2. On the concept of Sustainable Exploration

The human race should not simply explore space. For moral beings, all choices, actions and activities also have a moral dimension. Space exploration is no exception: our policies and decisions always reflect our underlying moral values, whether we are conscious of what those values are or not. We can explore space economically, in a spirit of international cooperation and peace. It is easy to see how these underlying abstract principles can have a huge impact on the manner in which the actual project is carried out. So, I suggest that we should, above all else, explore space sustainably.

Sustainable exploration means considering all our activities from a wider historical perspective and taking into account the long term consequences of our planned actions. It is closely related to Aristotle’s concept of prudence (Aristotle 1980.) According to Aristotle, a prudent person is one who is able to deliberate carefully concerning what is good and expedient for his living well in general, not only in questions regarding some particular, small-scale matters. In other words, a prudent person is one who can see the big picture behind everyday decisions. Such a person understands what are important constituents of a good life and what are less important or even harmful in the great scheme of things, and is able to make his moral decisions accordingly.

In space exploration, seeing the big picture is difficult.
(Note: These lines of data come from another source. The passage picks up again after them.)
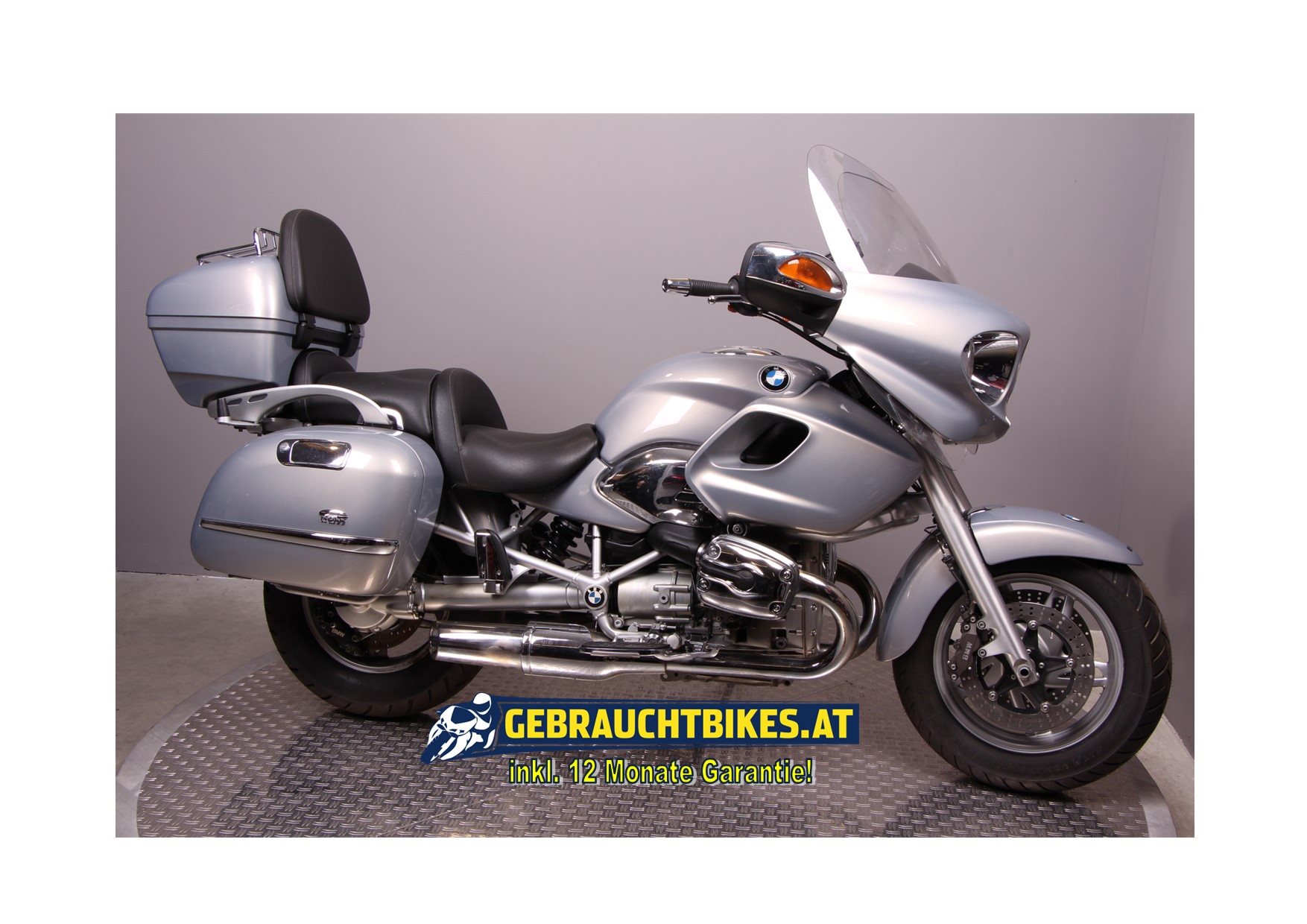 BMW R 1200 CL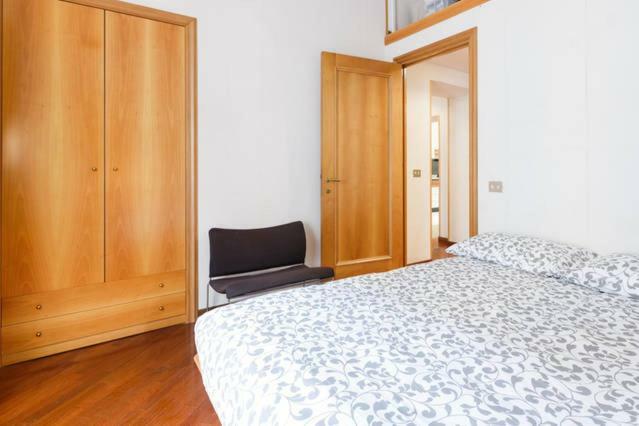 Apartment Casa Vacanze Risorgimento *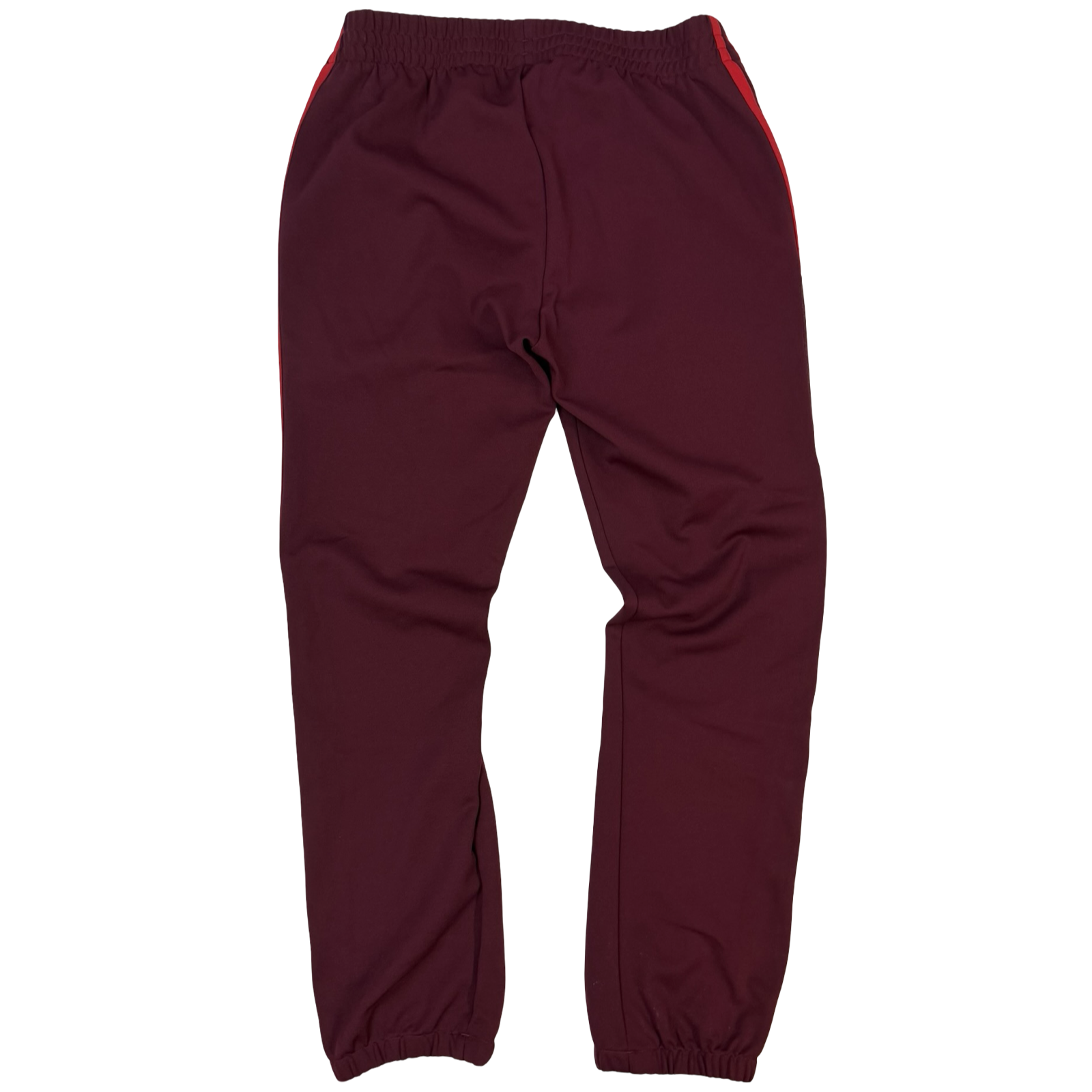 Adidas Yeezy Calabasas Track Pants Maroon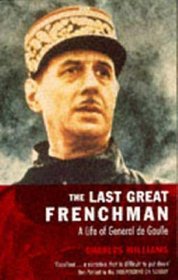 The Last Frenchman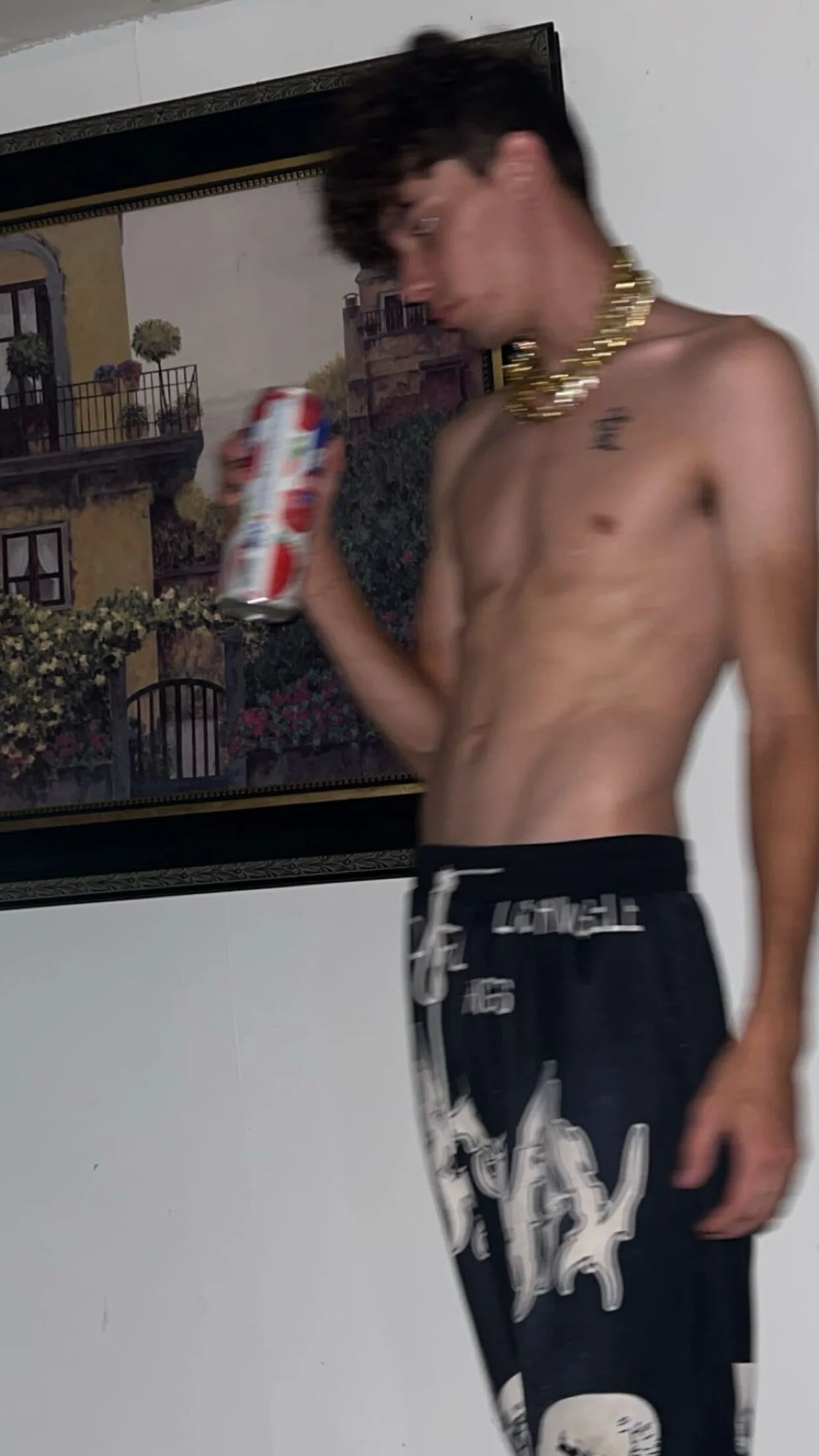 XXX Porn Photo of Nude j_not-ok 2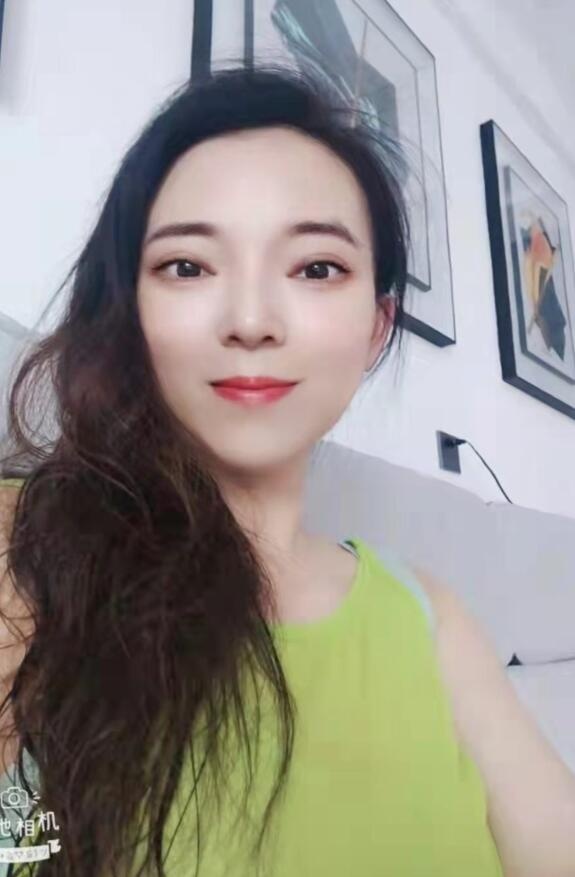 南山瑜伽少妇叶子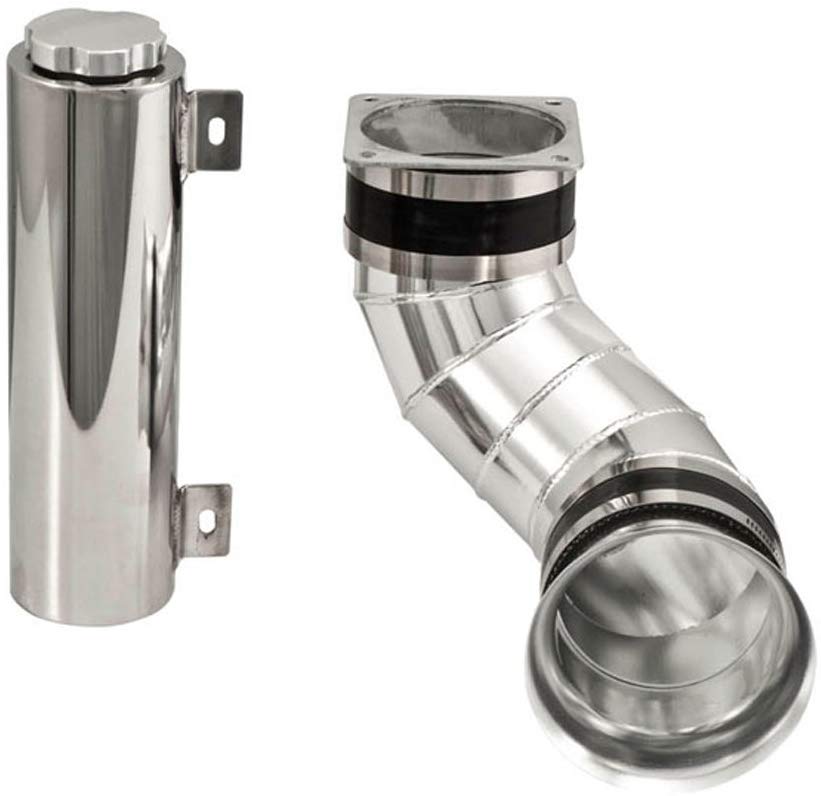 Spectre Performance 99061 Ram Air Kit for Pontiac GTO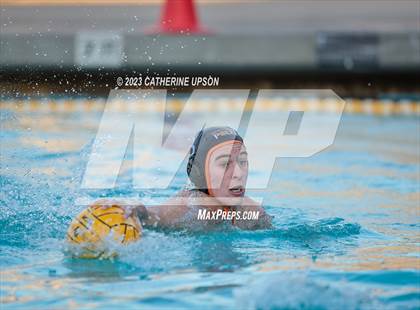 Thumbnail 2 in Capistrano Valley vs Poly (CIF SS Division 2 Round 2) photogallery.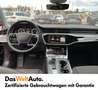 Audi A6 40 TDI quattro Zwart - thumbnail 14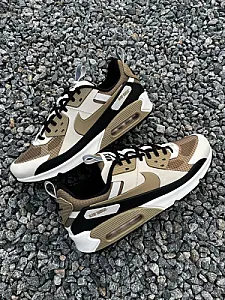 Nike Air Max 90 Drift бежеві - розмір 42 - фото 2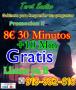 Venta Otros Servicios: Tarot 24hs,30min+10min de regalo por 8 euros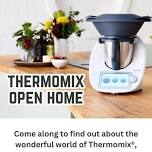 Thermomix®Open Home in Hamilton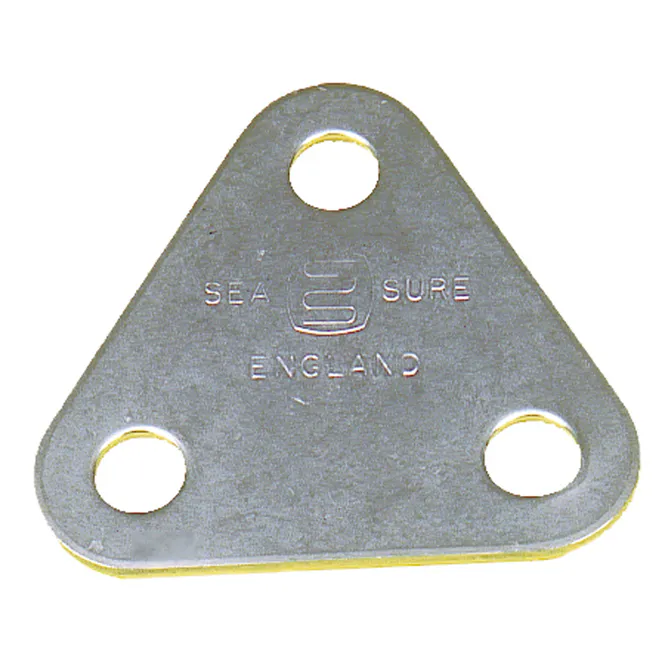 Hovedbilde Triangelplate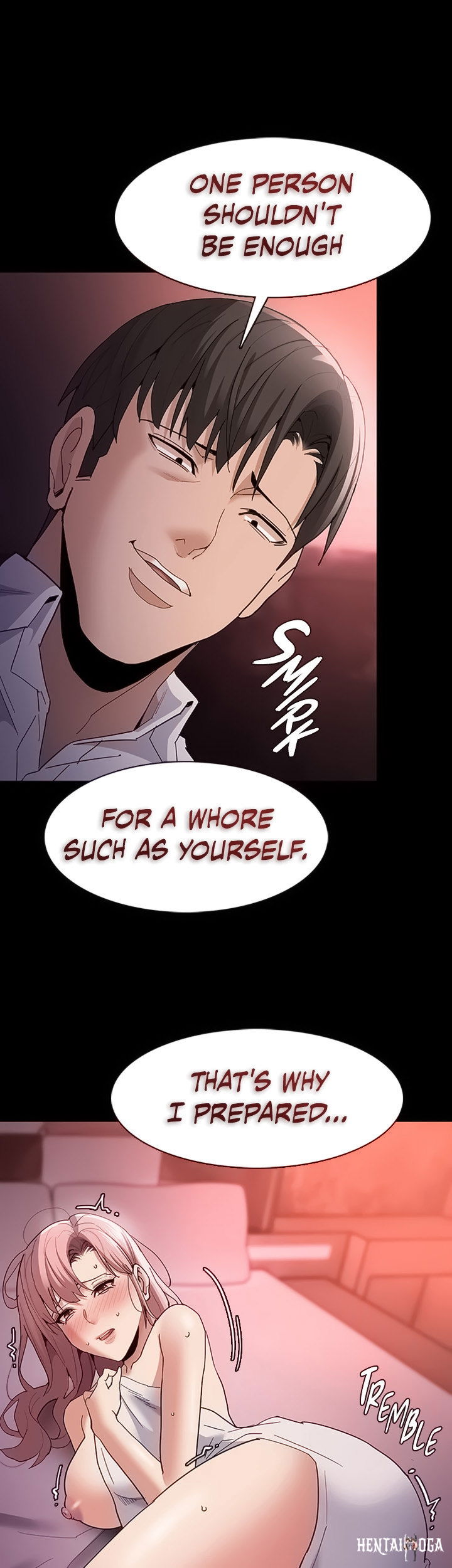 Pervert Diary Pervert Diary Chapter 33 - Page 45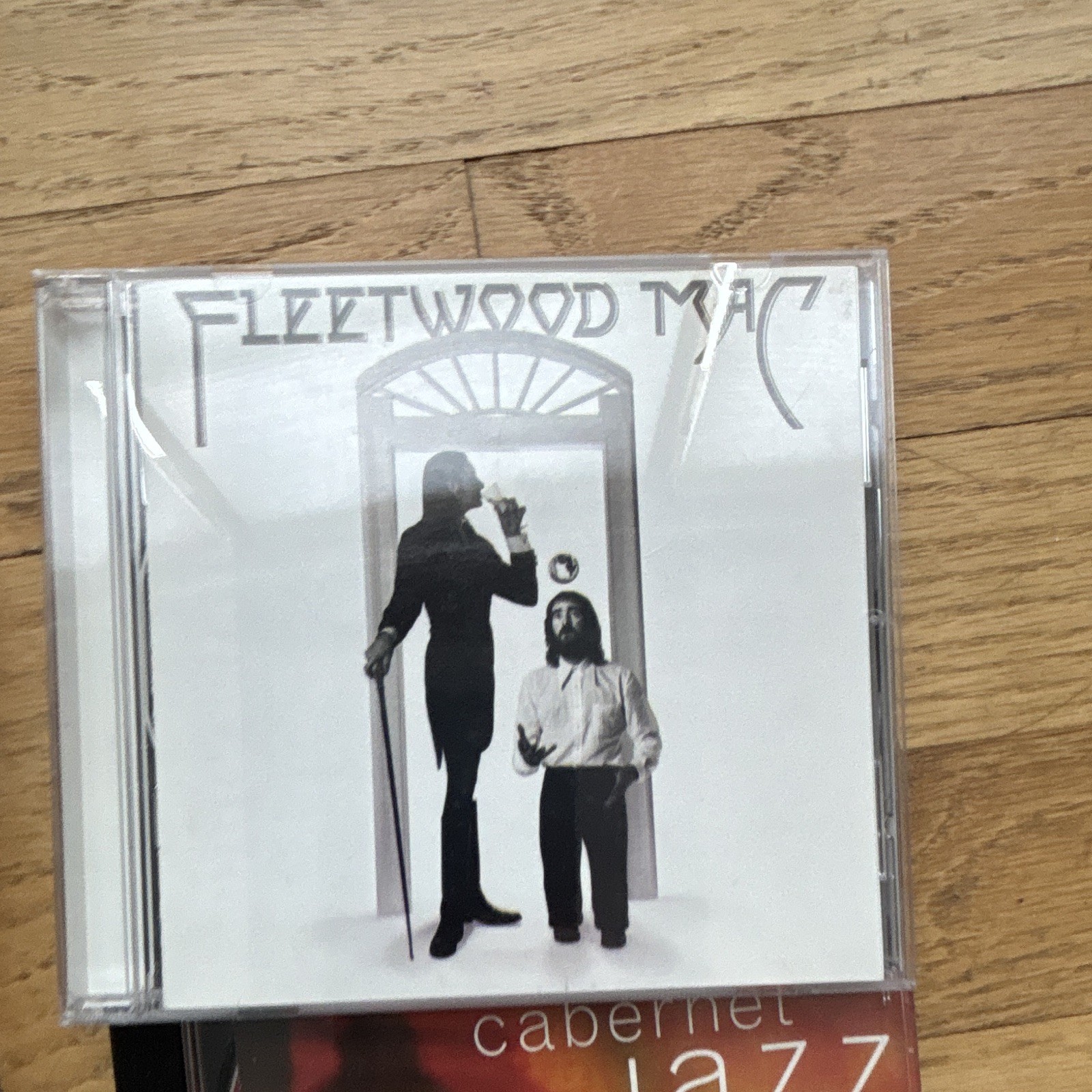 CD Collection Folk Rock Jazz Pop Paul McCartney 1950s Dick Clark 1960s Music CDs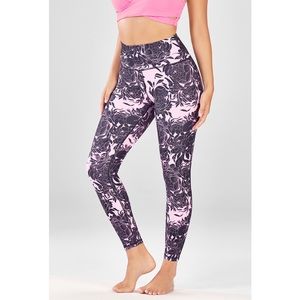 Fabletics Define High Waisted Leggings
While few space professionals would actually advocate a slash and burn philosophy for space exploration, some have also advocated the exploitation of land rights and mineral resources of Mars so as to fund a mission to Mars and the colonization of the red planet (Joseph 2010), and some might choose to turn a blind eye to the occassional pollution or degradation event in favor of budgets, project timelines or personal advancement (Williamson 2003). Space exploration is no different than other ambitious pursuits, in that lowering and compromising ethical standards often seems beneficial. This "benefit" usually refers specifically to short-term benefits as seen on Williamson’s examples. The "human nature" mentioned by Williamson, can be interpreted to mean the persistent human tendency to think that temporal closeness means greater importance. The concept of sustainability can challenge this view. However, it needs to be incorporated into the architecture of the exploration effort, specifically into the COSPAR planetary protection policy (COSPAR 2005, Rummel et al. 2010), and not left as a concern of individual researchers or project participants.

Explorative science is characterized by the need to act in epistemically imperfect conditions, that is, in conditions characterized by uncertainty and ignorance about facts normally considered important for moral decision making. In a new environment, it is very difficult to properly anticipate all possible scenarios or weigh the actual risks attached to suggested actions. In a Mars mission, this condition is highlighted since communication to Earth will be slow. Astronauts will need to be able to make big moral decisions independently, without consultation with the mission control center on Earth. In making such decisions, there is great ignorance regarding important factors that might affect our decisionmaking. In risk theory, Aven and Renn (2009) have stated that "Risk refers to uncertainty about and severity of the events and consequences (or outcomes) of an activity with respect to something that humans value." Arnould and Debus (2008) have elegantly summed up the problem: in an ideal world, we would wait until we understood things before we did them. But in the actual world, we usually need to act in partial ignorance in order to gain understanding. Somewhere along the journey from ignorance to understanding, is experience.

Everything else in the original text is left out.